Pas d'obligation de répondre aux réquisitions

L'une des grandes volontés du DSA est de mieux protéger les internautes contre la haine en ligne. Un principe de taille qui se confronte toutefois à un gros obstacle: les plateformes n'ont pas toujours l'obligation de collaborer avec les autorités.

Lors des cas les plus graves, avec par exemple des contenus illicites ou du cyberharcèlement, les autorités peuvent envoyer une réquisition judiciaire aux plateformes concernées par les faits constatés. Objectif: obtenir l’adresse IP du propriétaire du compte afin de l'identifier.

Mais même avec l'arrivée du DSA, les plateformes n'ont toujours aucune obligation de collaborer avec les autorités locales, si celles-ci ne sont pas situées dans le même pays. Basées pour la quasi-totalité à l'étranger, les différentes plateformes, en particulier les réseaux sociaux, n'ont donc pas d'impératif de réponse à une réquisition judiciaire venant des autorités françaises.

"A ce stade, le DSA ne change rien sur cet aspect sauf qu'il apporte des sanctions pour les plateformes qui seraient de mauvaise composition. Mais dans les faits, l'immense majorité des plateformes collaborent déjà", nuance Alexandre Archambault, autre avocat en droit numérique.

Toujours pas de responsable légal

Le DSA, de la même manière que le RPGD, ne demande aux plateformes que d'avoir un "point de contact" dans chaque pays, et non pas un représentant légal, qui pourrait se retrouver confronter aux tribunaux. Une limite considérable, régulièrement dénoncée, lors de la mise en cause des plateformes au niveau local.
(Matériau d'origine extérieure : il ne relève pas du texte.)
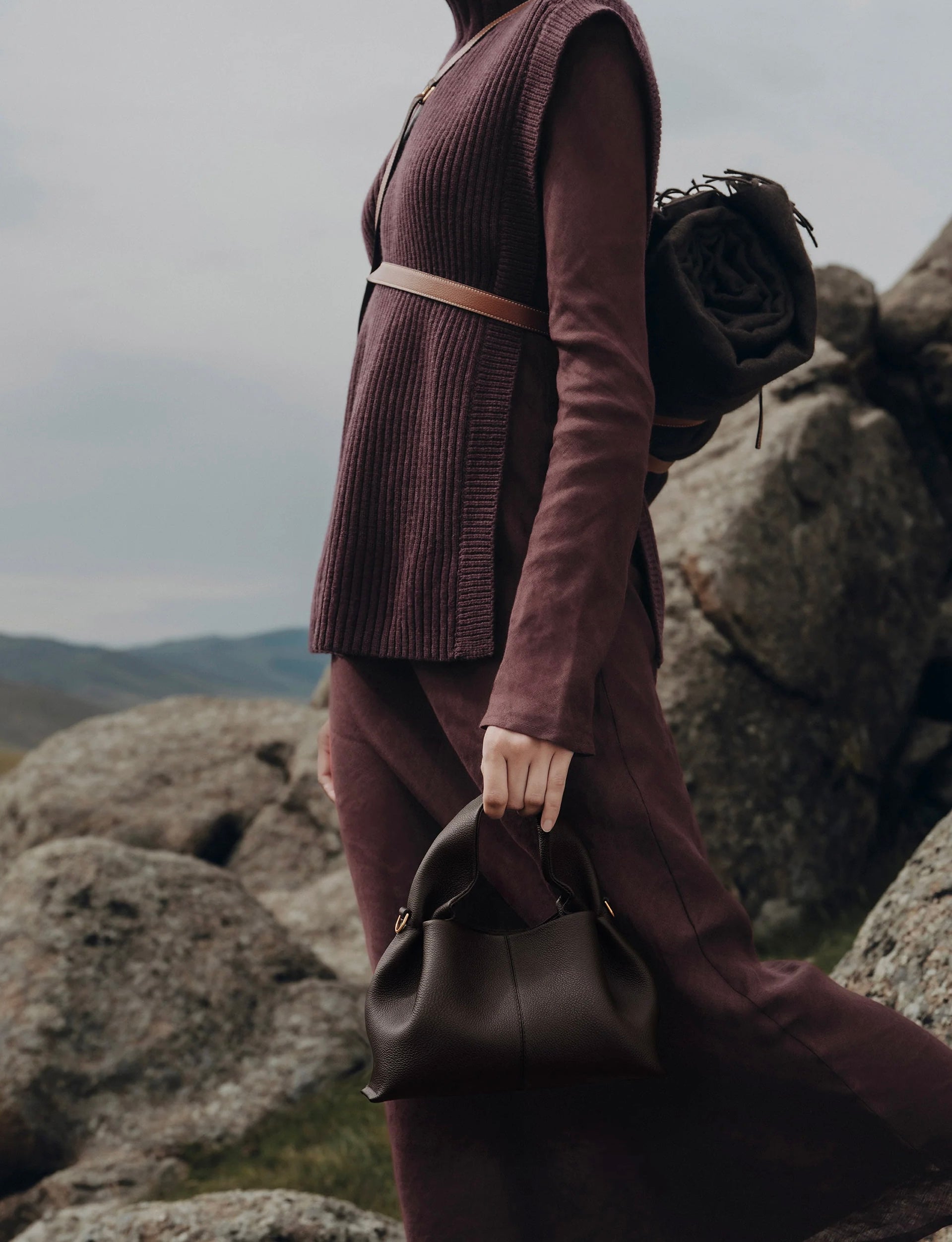 Moody Minimalist Outdoor Look Featuring Monochrome Plum Knit Layering and Tailored Trousers with Structured Espresso Brown Leather Top Handle Handbag – Sophisticated Quiet Luxury Womenswear Editorial Style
"Le responsable légal, c'est lui qui reçoit les amendes et est convoqué. Le point de contact est simplement une boîte postale à qui envoyer les demandes", synthétise Alexandre Archambault.

De quoi complexifier la mise en oeuvre efficace du DSA sur le continent. L'Union européenne pourrait d'ailleurs être forcée d'ajuster ses règles au fur et à mesure des trous dans la raquette débusqués, surtout pour un sujet - les nouvelles technologies - toujours en proie à de perpétuelles évolutions.